Iedere trainer-coach die werkt met sporters in de leeftijd van het basis- of voortgezet onderwijs krijgt van zijn sporters een rol als opvoeder toebedeeld. Dat doen de sporters niet bewust, en voor de trainer is die rol ook niet te weigeren. Specifiek over dat onderwerp heeft sportpedagoog Bart Schmeits een serie korte artikelen geschreven, waarin hij al die welwillende en goedbedoelende vrijwilligers voorziet van achtergrondinformatie en concrete tips, opdat iedereen zijn of haar rol zo goed mogelijk kan vervullen.

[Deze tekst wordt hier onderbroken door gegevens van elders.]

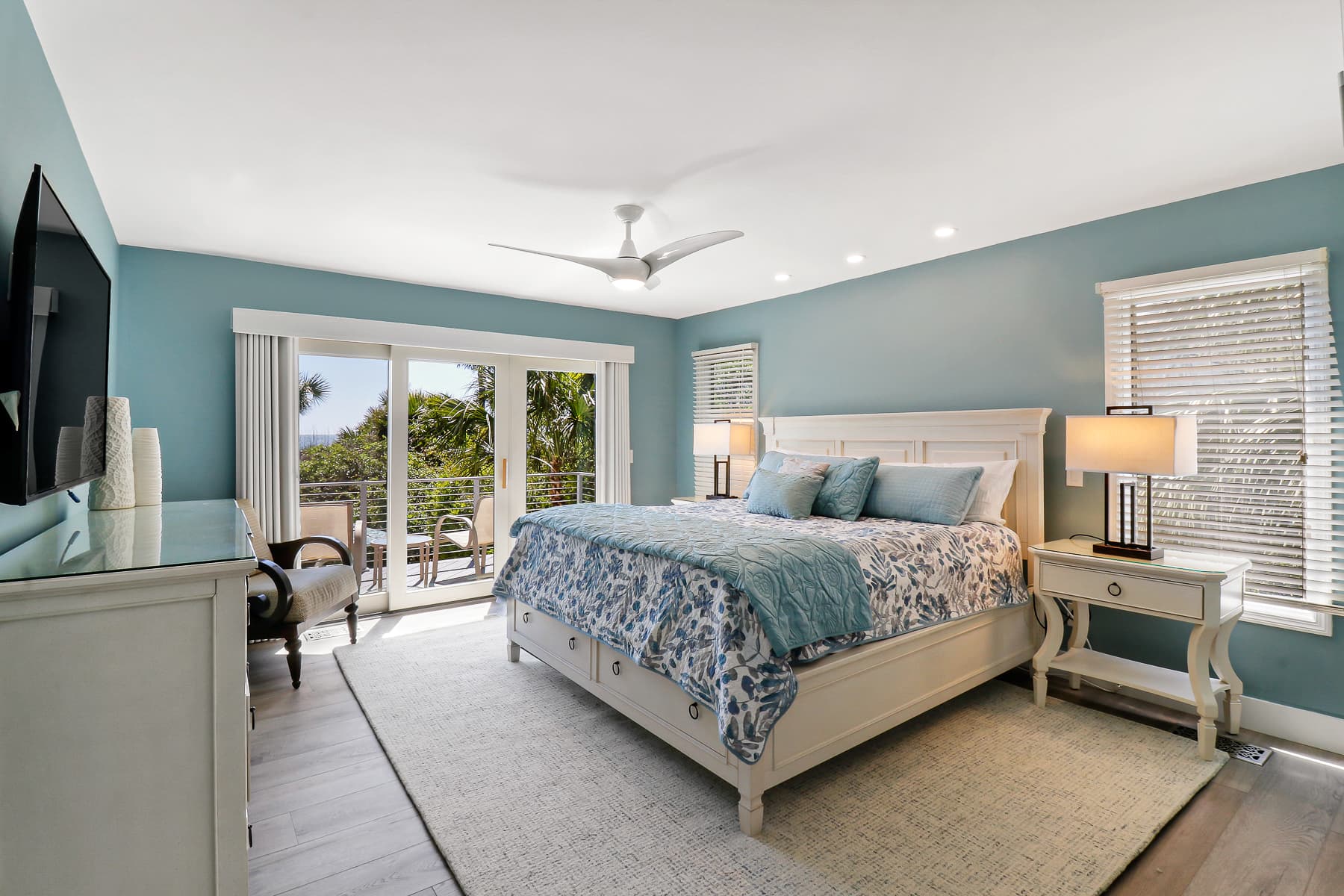 Ketch Hideaway - Image 13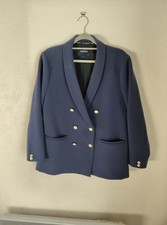 Veste femme d'occasion  Maisons-Laffitte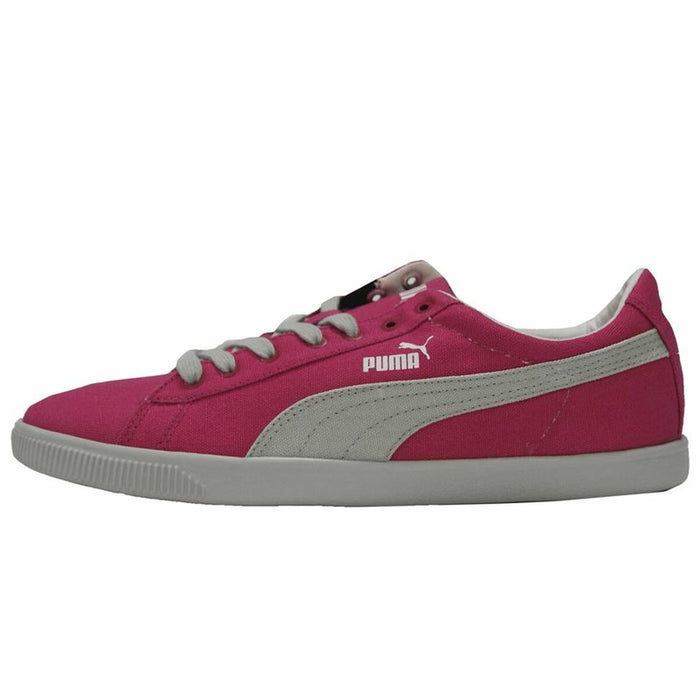 Women's Puma Glyde Lite Low Shoes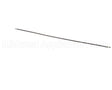 496-30-B Bsi Designs Element: 30" 208V Heater 660W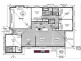 Pacific Pines QLD 4211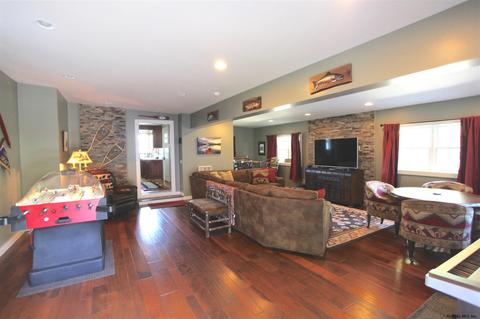 1731 Pilot Knob Rd, Kattskill Bay, NY 12844 photo 30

Ook in de ogen van de sporters!

Self Determination Theory

Centraal in deze serie staat het in 2002 gepubliceerde gedachtegoed van Deci en Ryan, de Self Determination Theory (SDT). In het Nederlands bekend als de zelfdeterminatietheorie. Deze theorie gaat ervanuit dat ieder mens van nature drie psychologische basisbehoeften heeft: competentie, relatie en autonomie. De mate waarin je als trainer-coach in staat bent om deze basisbehoeften van je sporters te vervullen, heeft invloed op het gedrag dat jouw sporters vertonen. Als je dat als trainer goed doet, is de kans op gewenst (positief) gedrag een stuk groter. Het tegenovergestelde geldt ook. Wanneer je dat als trainer niet voor elkaar krijgt vergroot dat de kans op ongewenst (negatief) gedrag.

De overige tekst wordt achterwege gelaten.